We notice that the error at the points we are trying to fit is very small (which is what our least squares solution is doing), but the predictive capability of the model is very poor. The reason for this issue is that we tested our model using the same points we used to train our model, so of course the error was low. What we need to do instead is keep a separate set of training data and separate set of validation data to test how good the model is. There are many methods to do this. In this example, we use k-hold out cross validation.



In [19]:

    
div = 10  # we will divide our data into div segments
ndata = 20  # number of data points
arrlength = ndata/div  # each segment should contain this much data
idxrand = np.random.permutation(n)  # random index into data from 0 ... n

error = np.zeros(len(ordervec))

# iterate through polynomial orders
for i, order in enumerate(ordervec):
    
    # iterate through divisions of data for k-holdout
    for j in range(div):
        
        # indicies of data to leave out from the random permutations
        holdout = idxrand[arrlength*j:arrlength*(j+1)]
    
        # separaet into training set and testing set
        xtrain = np.delete(xdata, holdout)
        ftrain = np.delete(fdata, holdout)
        xtest = xdata[holdout]
        ftest = fdata[holdout]
           
        # build a polynomial model from the training data 
        w = createpoly(xtrain, ftrain, order)

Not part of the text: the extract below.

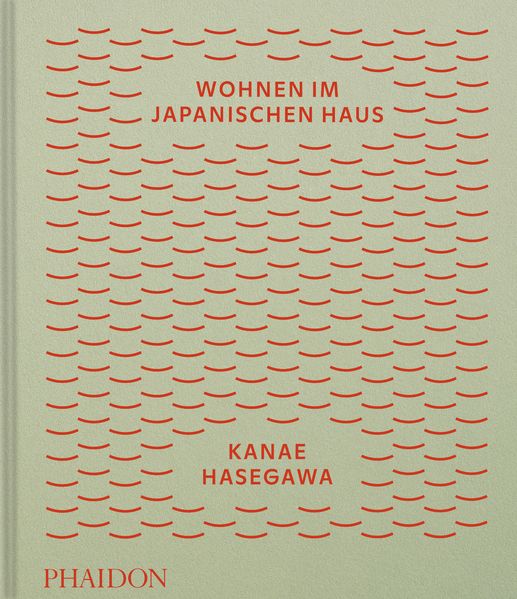 Wohnen im japanischen Haus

        # test the error with the validation set
        fhat = evalpoly(xtest, w)
        error[i] += np.linalg.norm(fhat - ftest) / div  # average error across divisions
        

# plot error
plt.figure()
plt.plot(ordervec, error, 'o')
plt.xlabel('order of polynomial')
plt.ylabel('error')
plt.show()

# plot error
plt.figure()
plt.plot(ordervec, error, 'o')
plt.xlabel('order of polynomial')
plt.ylabel('error')
plt.ylim([0, 25])
plt.show()

Both plots are the same, but the axis is smaller on the bottom one because the error blows up quickly. Notice that now, instead of the error continualy decreasing, it decreases for a while then increases as we run into problems with overfitting. Generally, we like to choose the simplest model that gives reasonable error. The curve is pretty flat near the minimum, and in this case a good point is somewhere around a 4th order polynomial.



In [20]:

    
order = 4
w = createpoly(xdata, fdata, order)

nhat = 200
xhat = np.linspace(0, 1, nhat)
fhat = evalpoly(xhat, w)

plt.figure()
plt.plot(xdata, fdata, 'o')
plt.plot(xhat, fhat, '--')
plt.ylim([-10, 20])
plt.xlabel('x')
plt.ylabel('f')









    Out[20]:





<matplotlib.text.Text at 0x106f8ed10>

We can see that this results in a much predictive model than the 20th order polynomial.